The Big Sleep
Netflix is much better for me now that they've got a Lansing MI location.(Must be great for you Lackey!) Anyway, I got The Big Sleep. Just finished the book, thought I'd try the movie. I know there are a couple Bogart/Chandler fans here so I thought it might be interesting to discuss it.
Lots of changes... from the pointless flirtation in the book store opposite where Agnes works to Carmine not being naked when drugged and photographed. I know this last one is a concern for the era but it really takes the pornography angle out of the story and confused the hell out of my wife. She actually asked me what was so bad about pictures of a clothed Carmine and why she'd try to kill to get them back.
The ending. Much different than the book. Better I think, if that's not sacrilige. I love the book's finale with the blanks and the swamp, but the movie couldn't have pulled that off. Too complex. Having Bacall at Canino and Mars' wife's hideout was a surprisingly good choice too. Made the the "Regan" conspiracy more plain... but why didn't they keep her as Mrs. Regan? Was divorce and infidelity that much of a stigma in that period? That choice muddled things more than necessary.

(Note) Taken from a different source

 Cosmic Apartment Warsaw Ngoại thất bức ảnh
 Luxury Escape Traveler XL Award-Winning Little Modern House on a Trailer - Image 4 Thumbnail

Good movie though, I especially liked the actor they chose for "the little guy". In the book his reaction to Marlowe's short joke is classic. Marlowe feels abashed because he sees actual dignity in the man's eyes. Bogart and that actor actually conveyed this exchange with their posture.
Heh, book by Raymond Chandler with a screenplay by William Faulkner. What pedigree!

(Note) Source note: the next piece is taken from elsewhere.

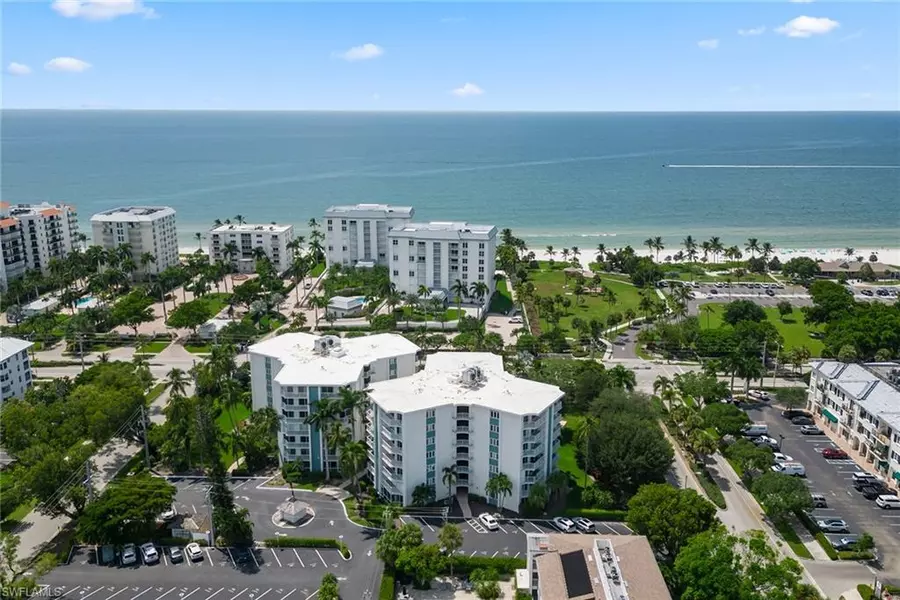 1300 Gulf Shore BLVD N #407, Naples, FL 34102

Well, Andrew, being a Chandler fan you knew I'd jump in here (BTW - I didn't know Netflix now has a Lansing MI location - no wonder my movies are getting to me in a couple of days.)
Did the DVD you watched have the original version or the restored/recut version? The original has so many gaps that it has a reputation for being impossible to understand the plot. The recut has scenes added back in, but you're correct in that it is fundamentally a different experience than the book.
I've read Chandler so much that none of the movie versions ring true to me; they just don't seem to have the bittersweet edge that Marlowe conveys in the books.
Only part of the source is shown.